When Iraq also launched rocket attacks on Tehran and other metropolitan areas, pressure for Tehran to retaliate was intense.

“In the eight-year war with Iraq, this was a very hot debate among all the Islamic teachers, because Iranian cities were being bombarded,” said Kazem Mosavi Bojnoordi, who sat on the defense committee of Iran’s parliament during part of the war. “The conclusion was that it’s not allowed. Never during those eight years do we have one example of Iran bombarding cities.”

Bojnoordi, now chief editor of Iran’s Center for the Great Islamic Encyclopedia, recalled that after the first salvos from Iraq, a senior Iranian commander declared, “Now we will flatten Baghdad.” The comment brought an immediate rebuke from Khomeini, whose fatwa closed the matter for the balance of the war.

“According to Islamic teachings, there’s the principle that the goals never justify the means,” said Bojnoordi, whose father was a grand ayatollah. “It has not been supported in Islam that you can do whatever you want to defend yourself. You are not allowed to gather weapons that are not allowed by Islam, even against your enemies.”

Senior Iranian officials insist their goal is only electrical power, saving their substantial petroleum deposits to export. Leaders also emphasize the role of pride and technological achievement, which inside Iran conveys the impression of economic development that has largely eluded a population that has grown poorer since the 1979 revolution.

“I believe that by getting high tech we will be getting development,” Bojnoordi said. “If we improve the standard of living, that will unite the people, and that will bring security.”

Said Kadivar: “I hope that science in my country is so progressive! I hope it’s true. Every Iranian wants to have this energy. Every party. The difficulty is we don’t have a democratic regime. So we should try to democratize.”
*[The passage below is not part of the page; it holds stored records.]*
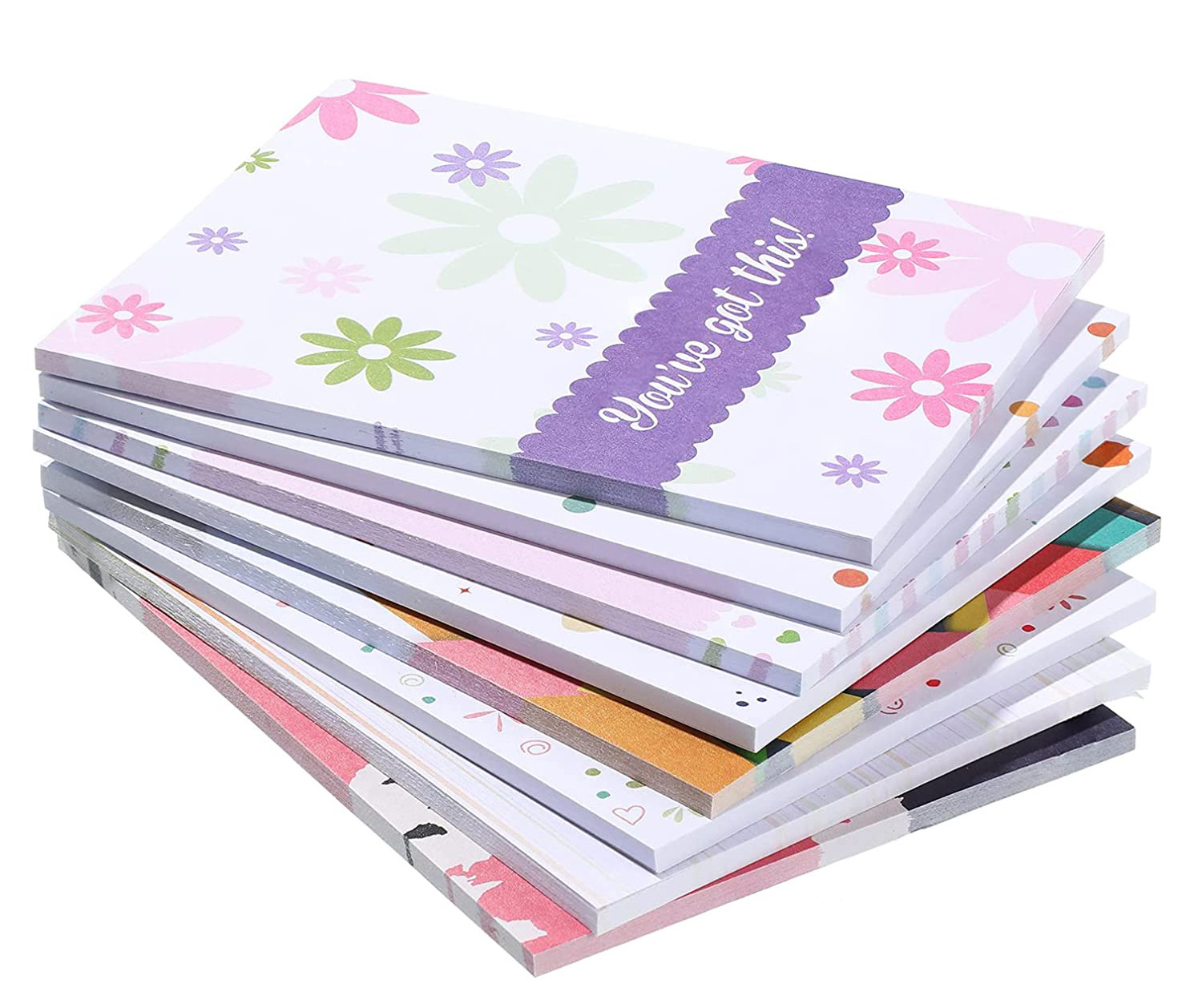 High Quality Custom Printed Memo Pads Self Adhesive Tear Off Multi Color Sticky Notes for School Office Supplies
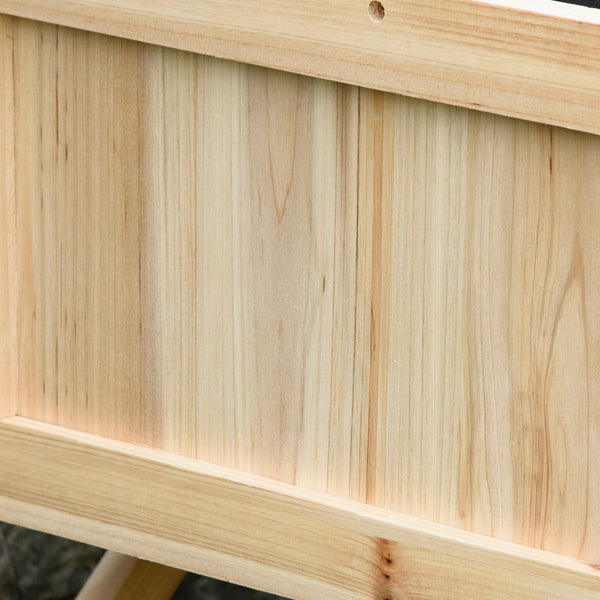 Jardinière sur Pieds - carré Potager avec étagère - dim. 78L x 58l x 81H cm - 6 Compartiments - Feutre Drainage Inclus - Bois Sapin pré-huilé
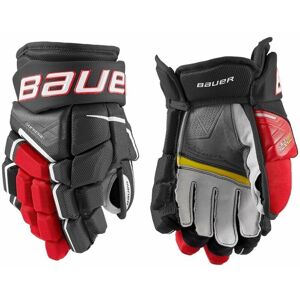 Bauer Hokejové rukavice S21 Supreme Ultrasonic JR 10 Čierna-Červená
If Iran is indeed working to produce nuclear weapons, experts say the program would surely be entrusted to the Islamic Revolutionary Guard Corps. Formed in 1979 by clerics who did not trust Iran’s existing army, the Revolutionary Guards have grown into a major force in Iran’s economy and political offices. Their insignia, one analyst noted, includes a passage from the Koran that reads, “Prepare any strength you can muster against them, and any cavalry with which you can overawe God’s enemy and your own enemy as well, plus others besides them whom you do not know.”